Emily Shertzer, a fourth-year Ph.D. student from Philadelphia, Pa., in the Program in Ecology and Evolution, can attest to the initiative’s benefits.
“WYOBIRD already has benefited me by helping me build my mentorship skills at the banding station; networking with other researchers in the InterMountain West; and having a stronger community of fellow bird watchers,” says Shertzer, who works in Chalfoun’s lab. “I hope to see all of these benefits as WYOBIRD grows.”
She adds, “Also, since the birds I research are species that are declining in Wyoming, I really hope to see WYOBIRD engage other Wyomingites in bird conservation in the future.”
Beyond the field, WYOBIRD provides outlets for students to engage in networking and skill development, both at UW and externally. Interactions with invited speakers; meetups with professional ornithologists and students from other labs; and workshops that cover cutting-edge themes are valuable.
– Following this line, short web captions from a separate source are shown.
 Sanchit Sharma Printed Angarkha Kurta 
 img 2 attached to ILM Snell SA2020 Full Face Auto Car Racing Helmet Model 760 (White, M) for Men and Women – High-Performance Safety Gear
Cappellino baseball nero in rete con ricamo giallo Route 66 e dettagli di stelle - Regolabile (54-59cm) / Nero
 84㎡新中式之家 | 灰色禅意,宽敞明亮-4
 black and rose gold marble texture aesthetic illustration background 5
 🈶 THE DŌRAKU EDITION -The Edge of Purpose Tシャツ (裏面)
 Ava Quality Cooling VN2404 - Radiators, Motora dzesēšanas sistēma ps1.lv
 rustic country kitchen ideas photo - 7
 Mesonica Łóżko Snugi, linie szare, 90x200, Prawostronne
They spur critical thinking and support collaboration while building quantitative skills needed to conduct research.
“WYOBIRD provides a platform for scientists of diverse career stages and interests to come together to exchange ideas and to gain new skills, from fieldwork to data analysis,” says Mary De Aquino, a second-year Ph.D. student from Placerville, Calif., in the Program in Ecology and Evolution.
Students also improve their science communication during outreach events by engaging with various audiences who leave with an appreciation of birds; awareness of the avian research conducted at UW; and a better grasp of how the type of information collected can inform conservation.
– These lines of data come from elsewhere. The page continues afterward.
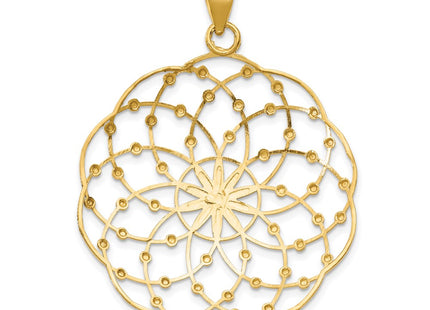 14k Yellow & Rhodium Pendants Style K1551 - Classique Jewelry Inc.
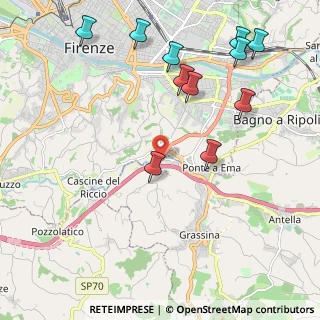 Mappa Uscita Firenze Sud, 50012 Bagno a Ripoli FI, Italia (2.52545)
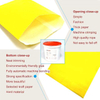 Custom Size Kraft Paper Treat Bags for Candy Buffet for Wrapping Cookies Bread Hamburgers Chemicals Oil-proof Paper Bag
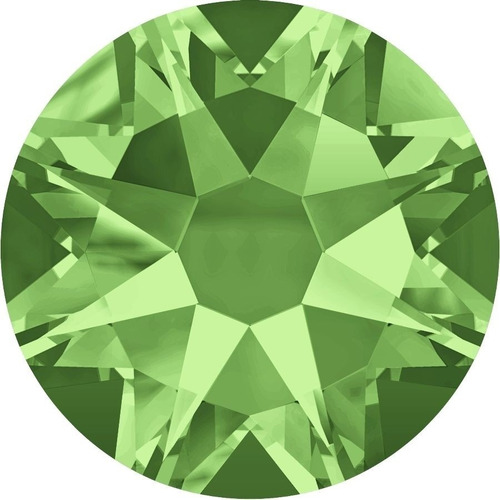 1440 Piedras Cristal Swarovski Original Ss16 Peridot Verde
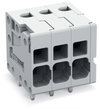 Leiterplattenklemme 4 mm² Rastermaß 5 mm grau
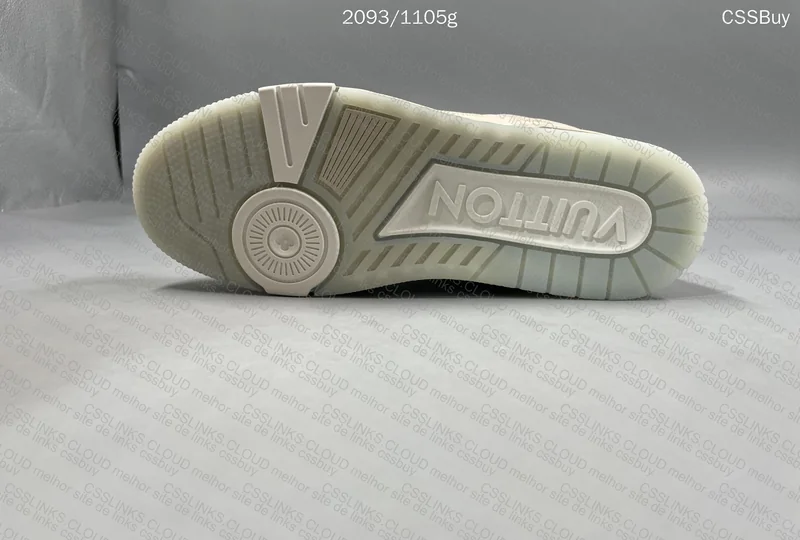 LV Trainer Beige Monogram Denim Sneakers 10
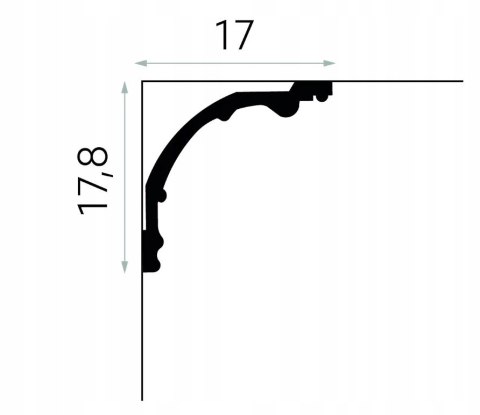 Listwa sufitowa ornamentowa MDA113 Mardom Decor wysokość 17.8cm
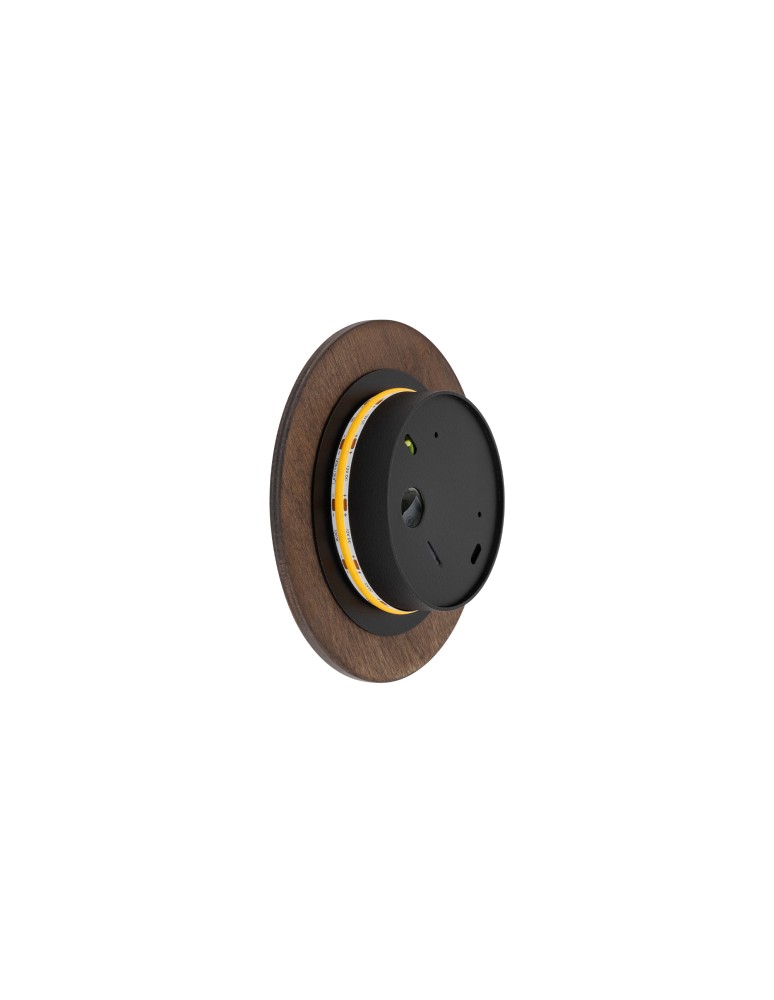 Designer wall lamps - Nowodvorski RING TIMBER LED S Wall Sockets Max power 7W LED 3000K Dark wood 11288. - product kolory-swiatla.pl 5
“It is incredibly rewarding to be part of an initiative like WYOBIRD. As scientists, we always want our research to matter—to reach and connect with budding scientists and the broader public,” De Aquino says. “By involving developing scientists in research and connecting research efforts with the community, WYOBIRD is helping to make this happen.”
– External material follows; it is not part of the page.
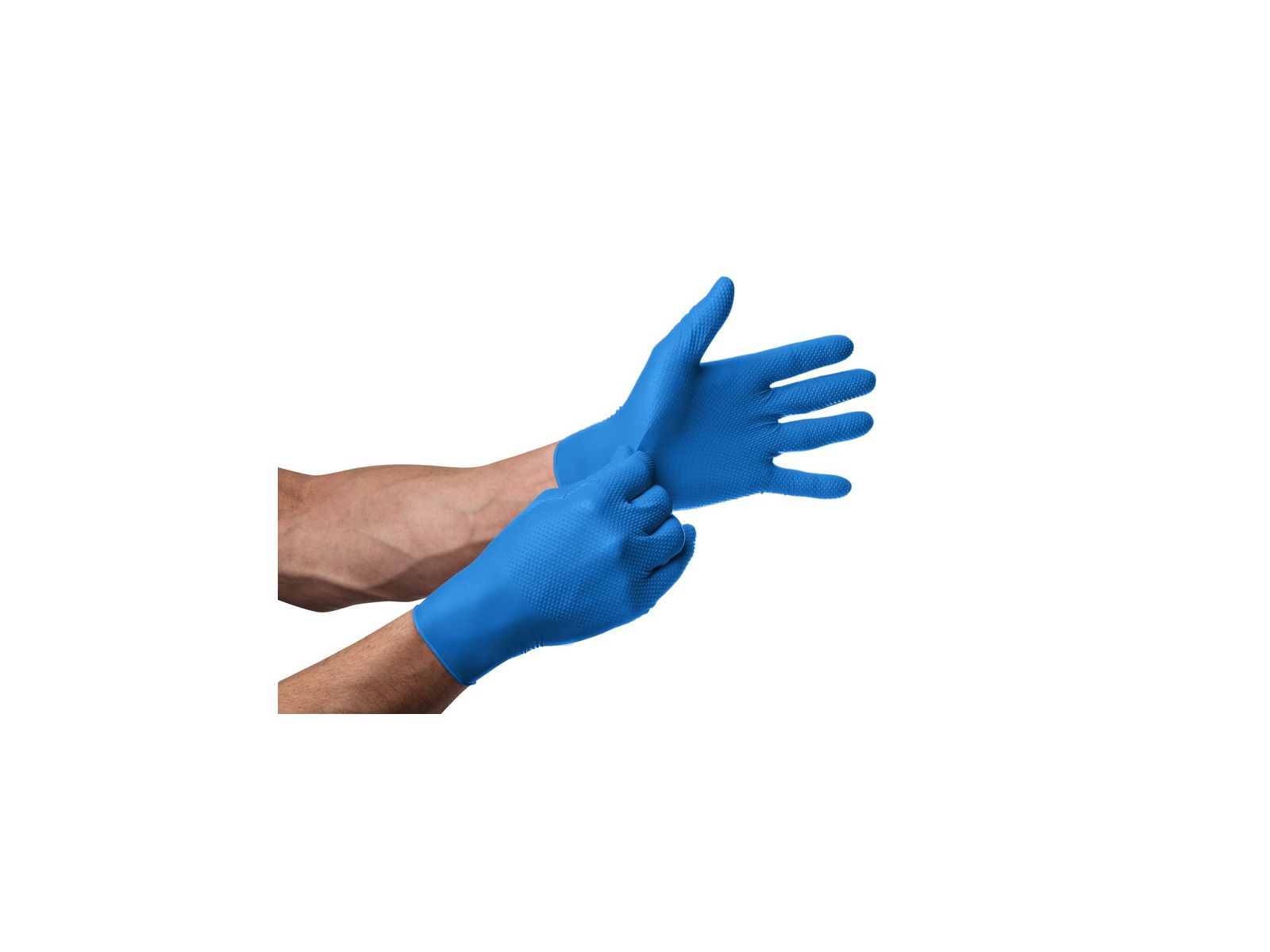 Rękawice GoGrip Blue XL Mercator Bezpudrowe A50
While WYOBIRD faculty are in the UW Department of Zoology and Physiology, involvement in the initiative is open to all UW students interested in studying birds.
“One thing that we’re all proud of is the new small-grant program to help international students with moving costs or equipment such as new computers,” says Patrick Kelley, a WYOBIRD co-director and an assistant research scientist of zoology and physiology.
WYOBIRD also provides UW credit hours to undergraduate interns with the goal of securing funding to provide paid internships in 2024 and beyond. During UW’s recent Giving Day, Tarwater says WYOBIRD secured enough funding to pay for three undergraduate interns for one semester.
“I have seen a great deal of excitement from undergraduate and graduate students, and us faculty,” Tarwater says. “It is wonderful to be a part of it and to work together to benefit students. I am excited to help it grow and to build new relationships with the community.”
WYOBIRD currently has 19 members, including UW faculty, graduate students, and undergraduate students working in labs. Additionally, the initiative, thus far, has a dozen undergraduate avian interns. Six of those interns participated in the summer nest box study, which began in May, while the other six interns worked at the fall banding station.